2. The donkeys chased the coyotes away. Yay!
3. After a few days, we noticed that large herds of wild antelope started showing up on the ranch. Yes, this is the home where the buffalo roam, and the deer and the antelope play.
4. The antelope discovered the “drinker” – this is the water supply we provide for the horses and donkeys.
5. The drinker has a mini eco-system in it to control potential mosquito infestation. It has gold-fish, mare’s tail, snails, and lily pads in it. The gold-fish eat the mosquito larva, the mare’s tail and the snails keep the water clear and the lily pads provide the gold-fish a place to hide from predators.

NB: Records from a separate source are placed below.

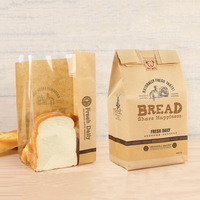 Emballage de sandwich jetable imprimé en gros avec fenêtre sac en papier kraft sulfurisé de qualité alimentaire pour boulangerie sac à pain grillé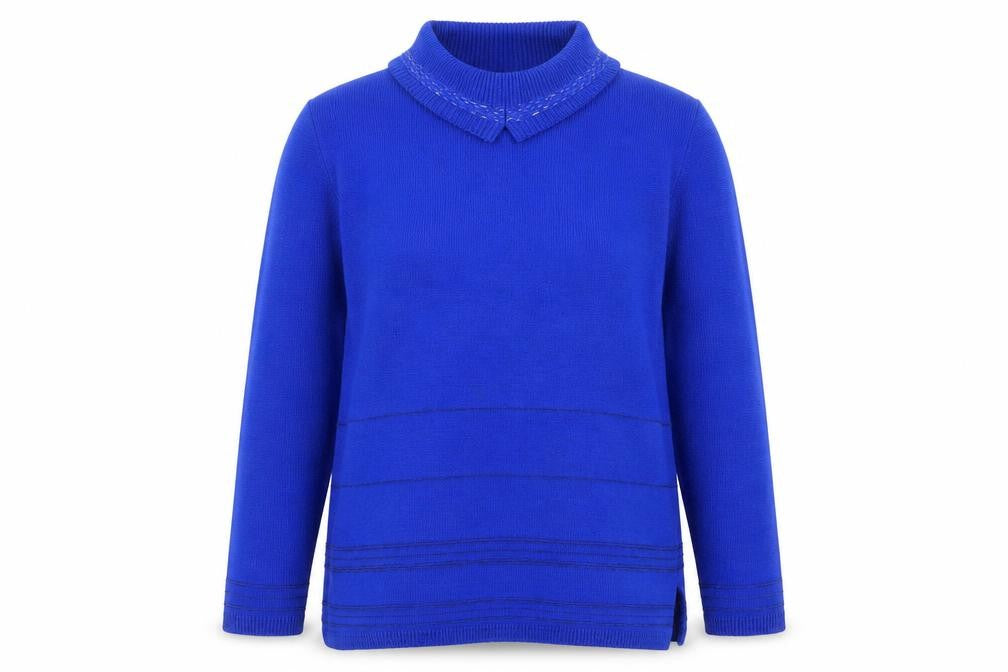 Envy Womens Blue Roll Neck Acrylic Pullover Jumper Size M - Size M-L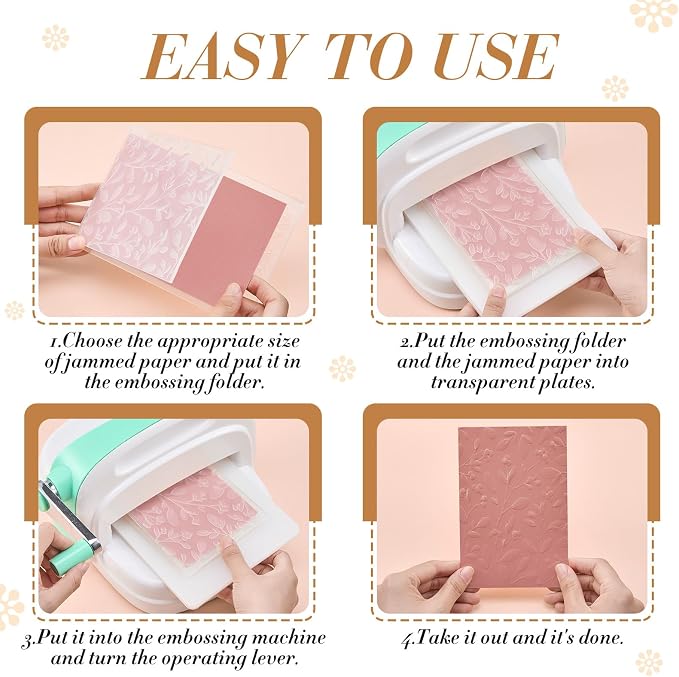 Geiserailie 8 Pcs Embossing Folders 2d/3D Embossing Machine Template Paper Card - Image 3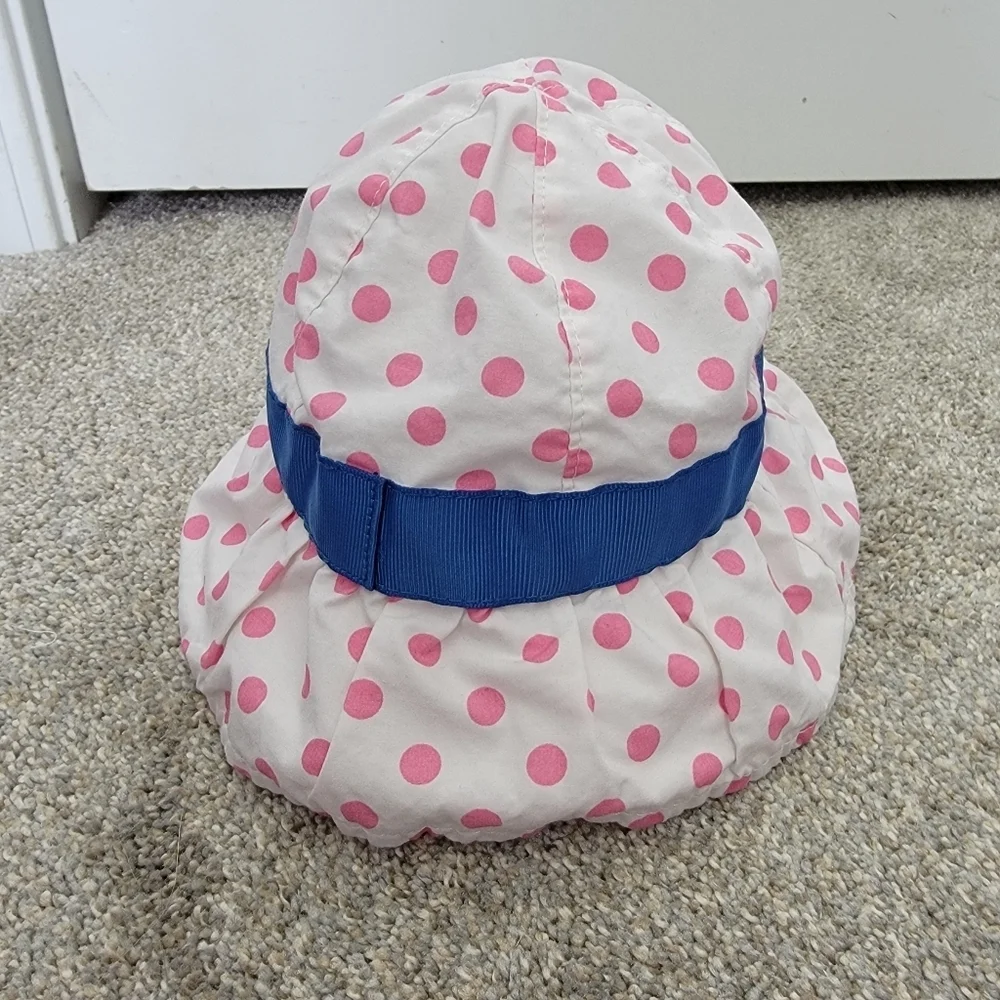 Disney Baby Minnie Mouse Hat Sun Bonnet White Pink Polka Dots 0-6 Months Ribbon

6. The antelope discovered that lily pads are delicious, and they ate them all.
7. With the lily pads gone, the gold-fish had no place to hide.
8. The gold fish were eaten (at least some of them) by some grateful predator. Yum.
9. One hundred and twenty dollars will need to spend to buy new lilly pads. Ouch.
What a pain! How do you solve this predicament? Can’t get rid of the donkeys – need them. Can’t shoot the antelope – we’d ever do that. What to do?!
Well, the good news is that the problem solved itself. The horses, it turns out, didn’t exactly like the antelope elbowing in on their territory, so they’ve been chasing the antelope away. Also in the good-news category, amazingly the lily pads sprouted new leaves and saved themselves. And thankfully some of the fish survived.
So the imbalance in the circle of life was only temporary. The system self-repaired despite our efforts.
My effort to save a dog killed a gold-fish or two. A fair trade I suppose. I will say this, however – every time I tamper with nature’s way, I’ll think deep next time, and we’ll see how good I am at anticipating the results of my actions.
I’ve heard of the Great Law of the Iroquois – which holds appropriate to think seven generations ahead (a couple hundred years into the future) and decide whether the decisions they make today would benefit their children seven generations into the future. I have found that this deeper thinking can help you in the short term also.